Decisions about who would be hired to work the store or offered a place to stay were made according to George's whim of the moment. Earnest young fellows with library degrees or recommendations from Brentano's would be curtly dismissed. On the other hand, George would accost young and attractive female customers and offer them a place to stay upstairs. Seemingly, he was oblivious to physical clues that these lovelies were affluent guests of three-star hotels or comfortably ensconced in their parents' Paris apartments.

Despite these faux pas, it was possible to discern a method to George's madness. The male "booksellers" usually were Brits on their post-Oxbridge continental year abroad. The females were invariably stunningly attractive, prissy girls. The transient boarders were drawn from both of these types, but George often impulsively admitted northern European backpackers. These euro-louts were the most likeable of the residents. They were amused by George's tantrums, refused to read the required book a day, and whiled away the evenings strumming guitars and passing plastic liter bottles of red wine.

The unrepentantly inept "staff" and motley sprawl of transient "guests" never engaged in any discernable literary activity. The boys contrived to seduce the girls. The girls either acquiesced or ganged together to go shopping. George occasionally succeeded in browbeating an undergraduate girl to finish a book report or compose one of the shamelessly sycophantic accounts (displayed on the bulletin board) about how Shakespeare and Company had changed her life.
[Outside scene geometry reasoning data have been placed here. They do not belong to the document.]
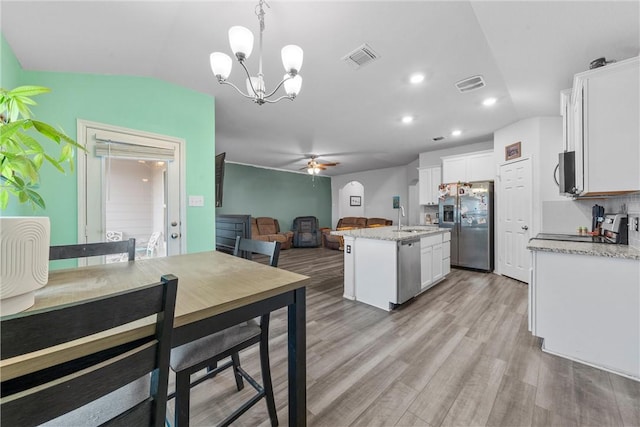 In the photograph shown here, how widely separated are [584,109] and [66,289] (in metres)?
3.33

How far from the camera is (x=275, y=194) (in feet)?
25.4

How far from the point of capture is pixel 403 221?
762 centimetres

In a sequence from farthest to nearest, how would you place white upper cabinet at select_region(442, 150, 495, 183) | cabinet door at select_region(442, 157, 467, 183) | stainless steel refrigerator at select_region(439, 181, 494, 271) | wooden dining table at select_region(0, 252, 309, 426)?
cabinet door at select_region(442, 157, 467, 183)
white upper cabinet at select_region(442, 150, 495, 183)
stainless steel refrigerator at select_region(439, 181, 494, 271)
wooden dining table at select_region(0, 252, 309, 426)

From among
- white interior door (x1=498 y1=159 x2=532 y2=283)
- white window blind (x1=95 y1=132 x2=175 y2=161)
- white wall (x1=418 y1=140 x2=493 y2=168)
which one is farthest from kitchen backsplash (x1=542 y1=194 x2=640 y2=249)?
white window blind (x1=95 y1=132 x2=175 y2=161)

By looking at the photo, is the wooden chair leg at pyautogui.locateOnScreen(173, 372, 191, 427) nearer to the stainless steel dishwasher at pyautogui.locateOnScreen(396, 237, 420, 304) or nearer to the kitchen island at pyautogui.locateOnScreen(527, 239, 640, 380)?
the stainless steel dishwasher at pyautogui.locateOnScreen(396, 237, 420, 304)

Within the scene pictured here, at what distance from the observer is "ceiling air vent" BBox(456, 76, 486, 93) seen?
2.59 meters

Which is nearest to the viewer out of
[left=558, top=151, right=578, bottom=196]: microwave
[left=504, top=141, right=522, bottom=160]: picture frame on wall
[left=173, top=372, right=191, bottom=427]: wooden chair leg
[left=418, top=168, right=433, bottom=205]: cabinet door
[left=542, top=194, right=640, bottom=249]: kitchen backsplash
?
[left=173, top=372, right=191, bottom=427]: wooden chair leg

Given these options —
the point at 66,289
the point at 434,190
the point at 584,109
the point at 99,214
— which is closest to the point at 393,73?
the point at 584,109

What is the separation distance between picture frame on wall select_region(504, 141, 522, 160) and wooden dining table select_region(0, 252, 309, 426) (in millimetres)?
4309

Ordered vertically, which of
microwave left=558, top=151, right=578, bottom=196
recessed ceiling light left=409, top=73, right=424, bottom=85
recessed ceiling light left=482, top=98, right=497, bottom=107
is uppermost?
recessed ceiling light left=482, top=98, right=497, bottom=107

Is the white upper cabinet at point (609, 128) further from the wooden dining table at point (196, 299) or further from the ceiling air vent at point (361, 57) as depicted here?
the wooden dining table at point (196, 299)

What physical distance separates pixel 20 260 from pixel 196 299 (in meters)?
0.49

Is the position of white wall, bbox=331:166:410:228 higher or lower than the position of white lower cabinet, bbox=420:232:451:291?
higher

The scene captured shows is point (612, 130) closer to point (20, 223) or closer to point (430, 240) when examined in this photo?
point (430, 240) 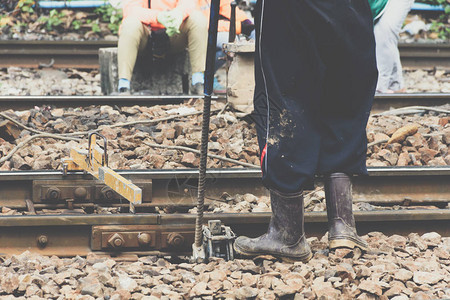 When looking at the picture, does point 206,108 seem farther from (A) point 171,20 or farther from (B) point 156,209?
(A) point 171,20

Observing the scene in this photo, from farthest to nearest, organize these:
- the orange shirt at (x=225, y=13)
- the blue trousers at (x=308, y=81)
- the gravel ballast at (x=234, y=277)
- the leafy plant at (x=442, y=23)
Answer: the leafy plant at (x=442, y=23) < the orange shirt at (x=225, y=13) < the blue trousers at (x=308, y=81) < the gravel ballast at (x=234, y=277)

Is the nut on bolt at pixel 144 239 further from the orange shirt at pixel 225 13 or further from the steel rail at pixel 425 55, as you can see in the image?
the steel rail at pixel 425 55

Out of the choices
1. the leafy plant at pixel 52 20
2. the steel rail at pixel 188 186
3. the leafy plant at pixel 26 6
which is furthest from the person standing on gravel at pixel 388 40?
the leafy plant at pixel 26 6

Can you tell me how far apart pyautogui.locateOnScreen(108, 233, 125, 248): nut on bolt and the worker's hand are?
13.5 ft

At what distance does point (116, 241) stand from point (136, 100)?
9.46 ft

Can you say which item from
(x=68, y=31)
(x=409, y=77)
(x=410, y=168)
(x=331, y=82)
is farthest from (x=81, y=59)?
(x=331, y=82)

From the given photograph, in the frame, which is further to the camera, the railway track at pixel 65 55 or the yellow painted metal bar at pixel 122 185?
the railway track at pixel 65 55

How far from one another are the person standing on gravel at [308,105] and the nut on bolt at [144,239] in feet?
1.49

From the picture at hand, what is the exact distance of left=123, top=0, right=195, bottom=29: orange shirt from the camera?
23.9ft

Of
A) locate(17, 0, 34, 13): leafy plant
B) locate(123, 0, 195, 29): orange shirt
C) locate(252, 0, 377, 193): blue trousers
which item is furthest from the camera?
locate(17, 0, 34, 13): leafy plant

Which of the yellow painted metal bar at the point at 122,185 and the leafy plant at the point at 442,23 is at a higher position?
the leafy plant at the point at 442,23

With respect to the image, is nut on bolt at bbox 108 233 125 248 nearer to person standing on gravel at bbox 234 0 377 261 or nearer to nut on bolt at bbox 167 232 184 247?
nut on bolt at bbox 167 232 184 247

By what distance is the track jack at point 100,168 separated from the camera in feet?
10.7

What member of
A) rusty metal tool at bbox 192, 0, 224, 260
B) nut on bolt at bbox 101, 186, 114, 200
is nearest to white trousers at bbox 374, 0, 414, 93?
nut on bolt at bbox 101, 186, 114, 200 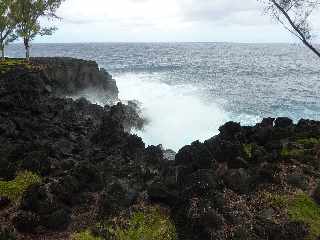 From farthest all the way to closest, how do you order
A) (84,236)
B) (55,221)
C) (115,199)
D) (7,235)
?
1. (115,199)
2. (55,221)
3. (84,236)
4. (7,235)

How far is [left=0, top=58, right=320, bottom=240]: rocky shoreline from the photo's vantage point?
1495 cm

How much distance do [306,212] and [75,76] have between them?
146ft

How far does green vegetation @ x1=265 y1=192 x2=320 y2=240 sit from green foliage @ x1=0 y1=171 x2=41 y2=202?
9.18 metres

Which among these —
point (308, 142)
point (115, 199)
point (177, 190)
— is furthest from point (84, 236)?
point (308, 142)

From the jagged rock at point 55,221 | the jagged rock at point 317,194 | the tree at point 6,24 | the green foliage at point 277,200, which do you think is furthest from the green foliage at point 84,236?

Having set down the foregoing, I can't imagine why I approached George Whitman and asked for a place to stay. His response was to shake his head and mutter accusingly, "You're from California." Then he signaled that our interchange was over by intently studying the label of his ever-present can of root beer.

I was nonplussed at the absurdity of what I had set myself up for. My mind raced over images of my recent California girlfriends -- had I acquired their accent? I certainly couldn't prove I wasn't from California -- my passport clearly stated my place of birth as Long Beach, California (no notation that I'd left at age five). George was now peering intently into the hole of his can.

I walked to the back of the store to relate all this to Geoff, one of the staff whom I'd befriended. "The old bastard hit me with the equivalent of a Zen koan." "Balls," he'd replied. "He's quite off his head. Today's one of his no-to-everything days. And you don't have a bloody California accent. Come around after seven and I'll let you in."

I returned after nightfall and spent the rest of the evening helping Geoff paint a large yellow and black sign that George wanted to hang in front of the store. (That sign was still there in 2001, 20 years later.)

The next morning, I opened my eyes to a view of Notre Dame aureoled by millions of snowflakes. Crazy or not, George had picked a hell of a location. I got up, gathering my stuff in the fusty room that reeked of damp, soiled clothes, moldy books, and cat pee. I adjusted the straps on my rucksack, went down the stairs, and headed for the nearest café.

The snow was beginning to accumulate on the mailbox outside and to shroud the green benches in the park. I was in the middle of my second café double when I impulsively decided to walk over to the Place de la Republique and board the overnight bus to Barcelona.